Holy Trinity Church, Highfields, Huddersfield

Holy Trinity is an Anglican church situated off Trinity Street and is located in the Highfields area of Huddersfield.

History

The church was founded by Benjamin Haigh Allen of Greenhead Hall at a cost of £12,000. The design was by Leeds architect Thomas Taylor and was built by Joseph Kaye.

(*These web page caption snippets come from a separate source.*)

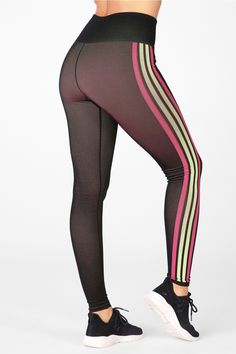 High-Waisted Seamless Stripe Legging Fabletics Pink Stripe Multi female Activewear >> Womens >> Bottoms >> Leggings >> Full Length Seamless regular Chafe-Resistant/Moisture-Wicking Second-skin feel with side-stripe detail Female Activewear, Cooler Style, Tamworth, Comfy Bra, Cute Crop Tops, Kate Hudson, Striped Leggings, Pink Leggings, Komplette Outfits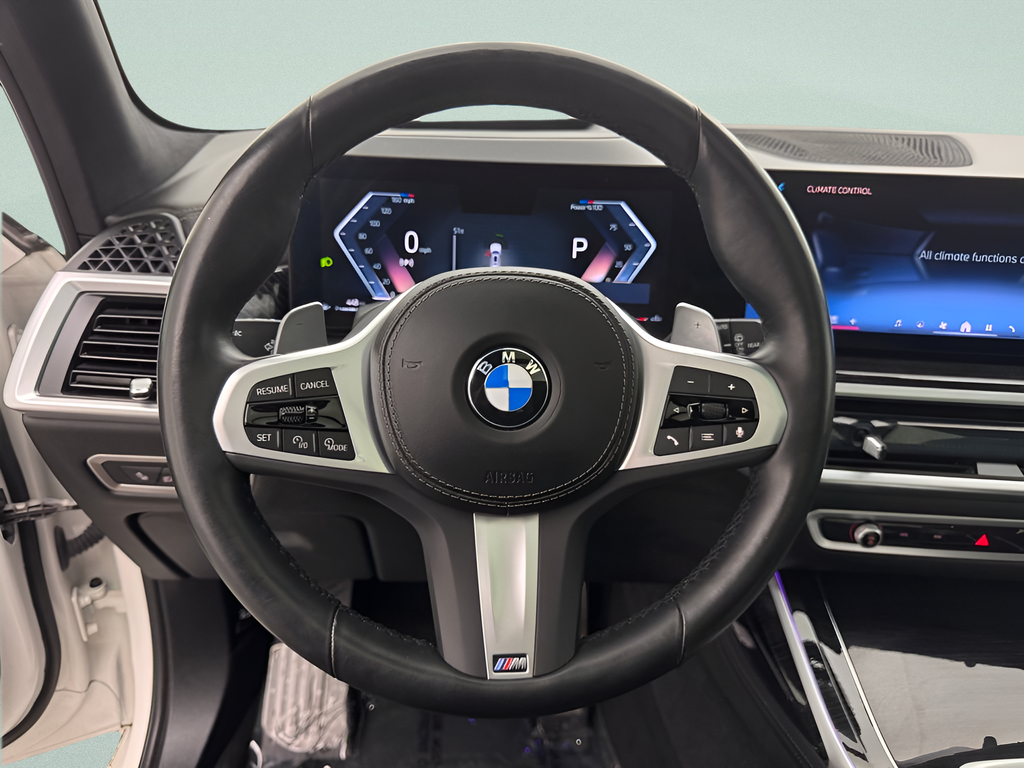 Used 2025 Alpine White BMW xDrive40i image 7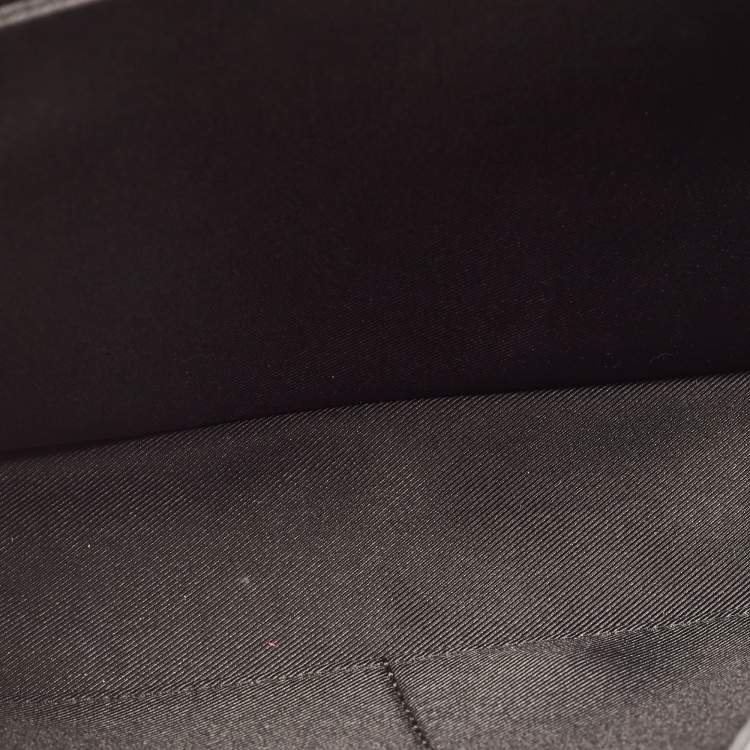 Pre Owned Louis Vuitton Black Leather Lockme II Top Handle Bag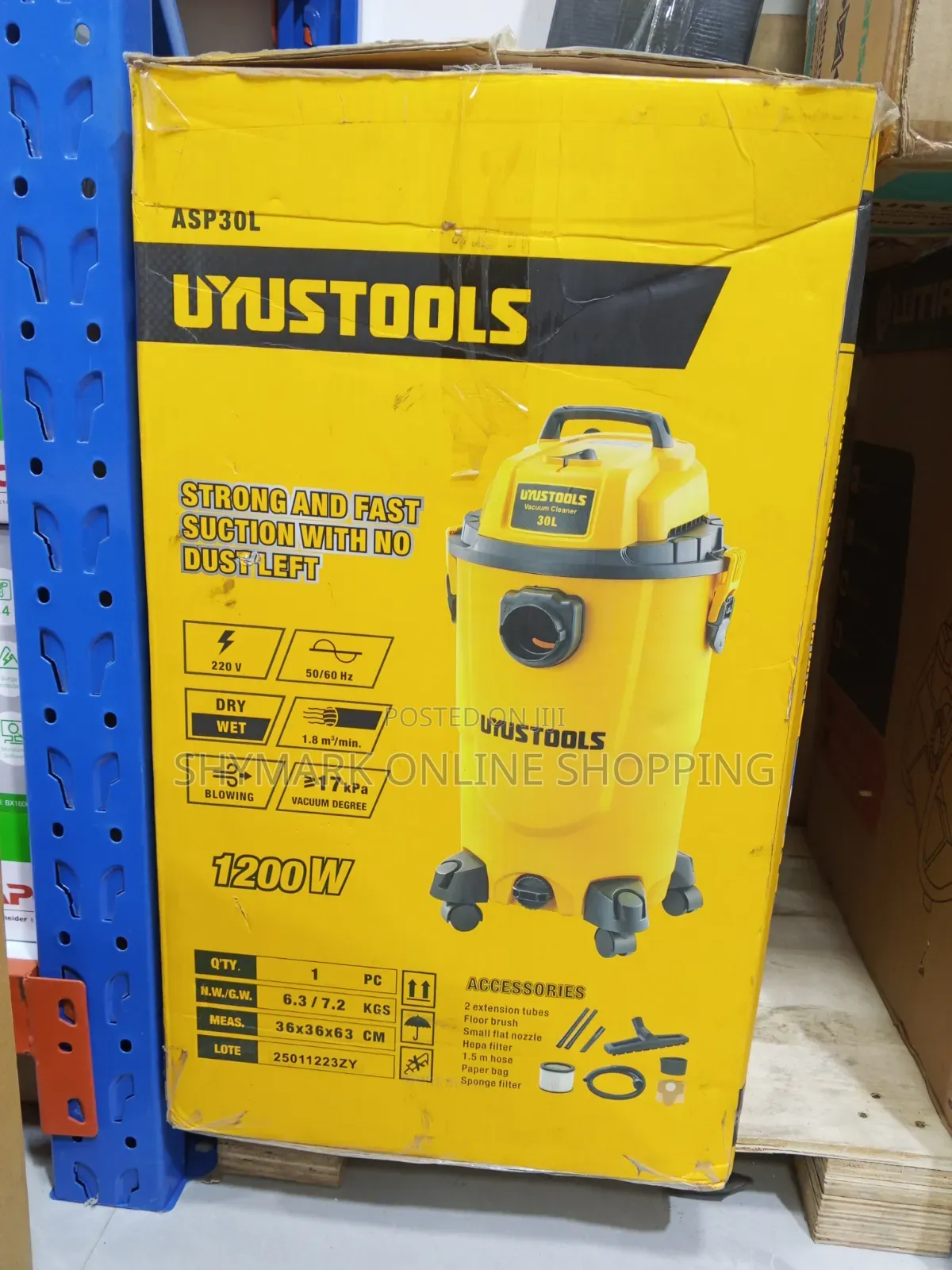 UYUSTOOLS Vaccum Cleaner 30L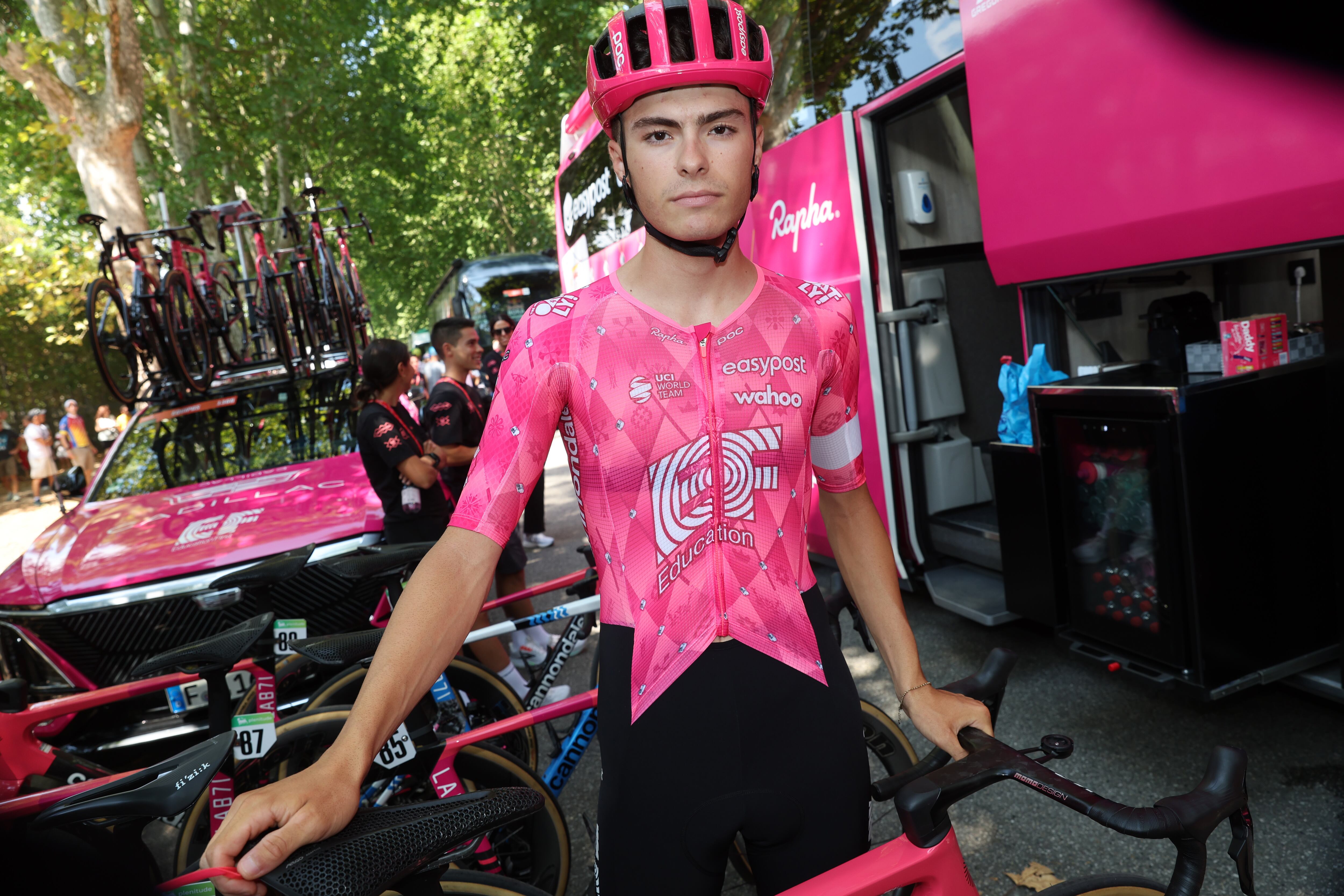 Markel Beloki posa para AS durante La Vuelta en Italia.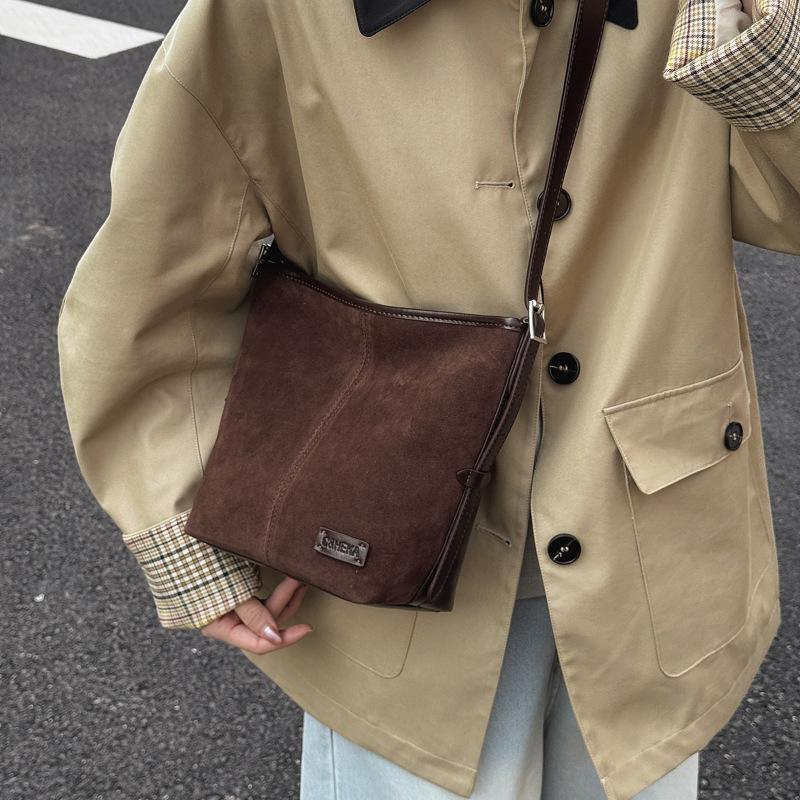 Niche design new leopard print fashion bucket bag 2025 women's high-end sense simple and exquisite shoulder messenger bag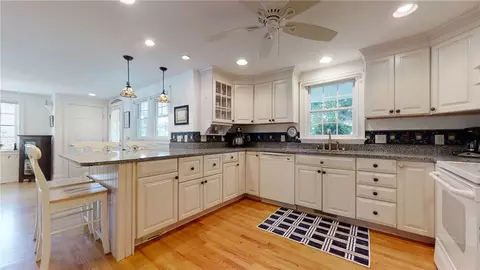 8 Rhody Dr, Westerly, RI 02891 photo 6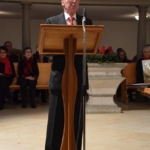 Ihr folgt der Kirchenpflegepräsident der Kirchgemeinde Langenbruck, Ruedi Beljean.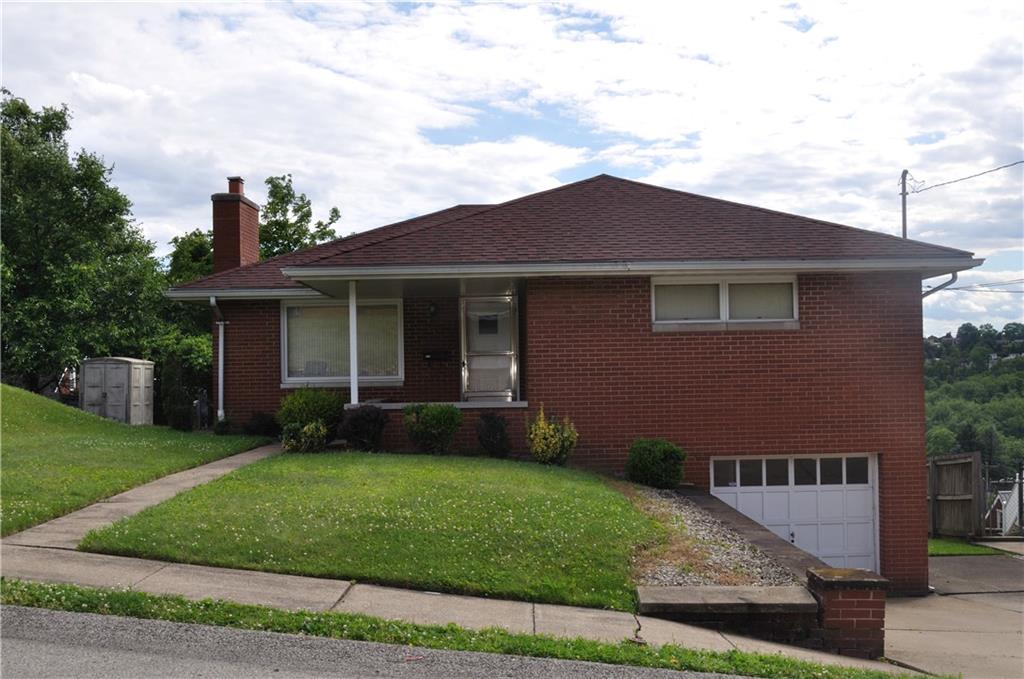 a view of house with a yard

An Act of Parliament was required to build the church as a chapel of ease:

Whereas the Inhabitants of the Township of Huddersfield in the Parish of Huddersfield, in the West Riding of the County of York, have of late Years considerably increased in Number, and are likely to continue to do so, the present Population of that Township consisting of Ten thousand five hundred Inhabitants: And whereas the Church of the said Parish, situate in the Town of Huddersfield, contains Seats for only about One thousand four hundred Persons, and is therefore very inadequate to the Accommodation of the said Inhabitants, and there being no other Place for the Performance of Divine Worship, according to the Rites and Usage of the Church of England, within Two Miles Distance from the said Church, it would be of great Benefit and Utility to the said Inhabitants, and to the other Inhabitants of the said Parish, if a Church or Chapel of Ease, for the Celebration of Divine Worship, according to the Rites and Usage of the Church oi England, were erected within some Distance, not exceeding Half a Mile, of the said Town of Huddersfield: And whereas the said Parish Church is in the Diocese of York, and Sir John Ramsden of Byram in the County of York, Baronet, is Patron of the Vicarage of the said Parish Church, and the Reverend John Coates is the present Vicar thereof: And whereas Benjamin Haigh Allen of Greenhead in the said Parish of Huddersfield, Esquire, with the Privity and Consent of the most Reverend Edward Archbishop of York, and the said John Coates is desirous, at his own Expense, to purchase a Piece of Land situate within Half a Mile of the laid Town of Huddersfield, and to erect on Part thereof a Church or Chapel of Ease for the Celebration of Divine Worship, according to the Rites and Usage of the Church of England, and to apply the remaining Part for the Purposes of a Cemetery or Burial Ground, and to secure a suitable Provision for the Minister of the said Church or Chapel of Ease...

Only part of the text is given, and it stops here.